Cosca intentó centrar la vista en Vitari, que avanzaba a zancadas por delante de ellos, y luego en uno de los lados del macizo rostro de Amistoso. Extraños compañeros. Marginados. El tipo de gente que no le serviría a nadie. Contempló el caminar de Monza, la decidida zancada que recordaba desde hacía tantos años tenía algo de cojera. Eran los que se iban a enfrentar con el gran duque Orso. Y eso significaba que estaban locos o que no tenían otra elección posible. ¿En cuál de aquellas dos categorías entraría él?

Encontró rápidamente la respuesta. No veía ningún motivo para que no pudiera pertenecer a las dos.

Marginado

El cuchillo de Amistoso, veinte veces hacia un lado, otras tantas hacia el otro, brillaba estremecido al rascar con un beso chirriante el húmedo adoquín. Y como, hablando de cuchillos, no hay nada peor que uno sin filo ni nada mejor que otro bien afilado, Amistoso sonrió al probar el filo y sentir su frío tacto en la punta de un dedo. La hoja ya estaba bien afilada.

—La Casa del Placer de Cardotti era el antiguo palacio de un comerciante —decía Vitari con voz tranquila y monocorde—. De madera, como la mayoría de los edificios de Sipani, colinda con un patio cuyas tres fachadas están cerca del Octavo Canal.

Los seis conspiradores se sentaban junto a la larga mesa montada en la parte trasera del almacén. Murcatto y Escalofríos, Day y Morveer, Cosca y Vitari observaban la maqueta en madera de un edificio bastante grande, construido junto a un patio. A Amistoso le molestaba que, aun pareciendo un modelo a escala 1:36 de la auténtica Casa del Placer de Cardotti, no pudiera estar seguro de que fuese una buena reproducción, porque no era amigo de andar con imprecisiones.
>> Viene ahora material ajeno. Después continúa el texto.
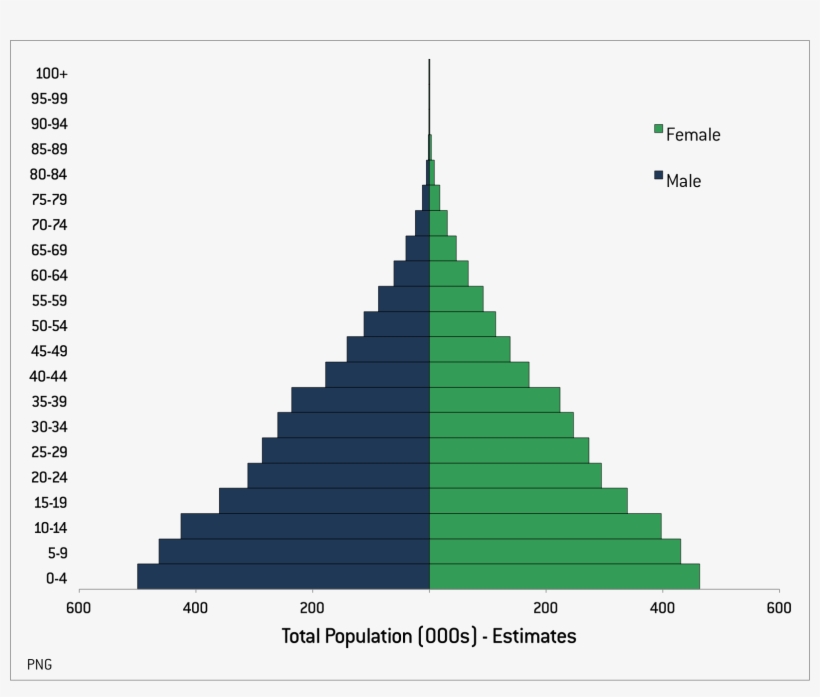 Click On The Graph To See It Full Size - Stratford Population Pyramid, transparent png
El extremo de uno de los dedos de Vitari recorrió las ventanas de una de sus fachadas.

—Aquí, en la planta de calle, están las cocinas y las oficinas, el salón de fumadores y el reservado a los dados y a las cartas —Amistoso se llevó una mano a la camisa y la apretó contra su pecho para sentir la confortable presión en sus costillas de los dados que llevaba en el bolsillo superior—. Dos escaleras en los rincones de detrás. En la primera planta, las trece habitaciones donde los invitados pasan el rato…


Follando
—dijo Cosca—. Como todos los presentes somos adultos, llamemos a las cosas por su nombre. —Sus ojos inyectados en sangre iban y venían hacia las dos botellas de vino que descansaban en un estante. Amistoso ya se había dado cuenta de que llevaba un buen rato mirándolas.

El dedo de Vitari subió hasta el tejado de la maqueta.

—Y en la planta superior, tres grandes habitaciones para el…
folleteo
de los invitados más importantes. Dicen que la suite real, que es la del centro, está pensada para un emperador.

—Entonces, seguro que Ario querrá quedársela —dijo Murcatto, medio gruñendo.

Como el grupo había pasado de tener cinco miembros a siete, Amistoso dividió cada una de las dos hogazas de pan en catorce rebanadas, mientras la hoja del cuchillo siseaba al cortar la corteza y formaba pequeñas nubes de harina. Al partir veintiocho rebanadas en total, a cada uno le tocarían cuatro. Las que dejara Murcatto ya se las comería Day. A Amistoso no le gustaba que nadie se dejara comida en el plato.